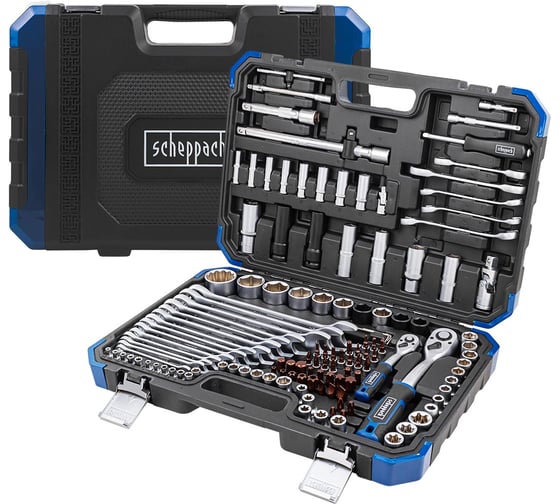 Изображение товара Набор инструментов Scheppach 125+6 предметов Sch-41252-5/Premium/(64484)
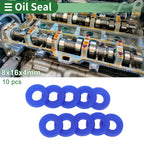 Set of 10 Oil Seal Ring 8x16x4mm for Rotary Shaft (High Pressure)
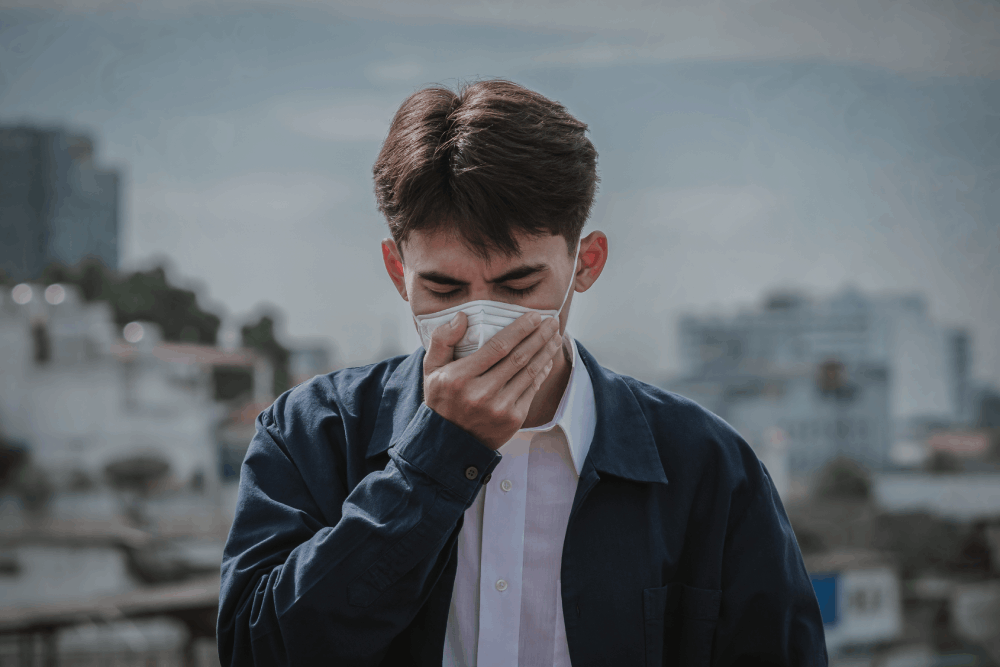 Delhi Pollution and Skin Damage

TASK DETAILS ▸
Once the pictures are removed, copy the listing exactly.

EXPECTED ANSWER ▸
 Изображение товара Набор инструментов Scheppach 125+6 предметов Sch-41252-5/Premium/(64484)
 Set of 10 Oil Seal Ring 8x16x4mm for Rotary Shaft (High Pressure)
 Delhi Pollution and Skin Damage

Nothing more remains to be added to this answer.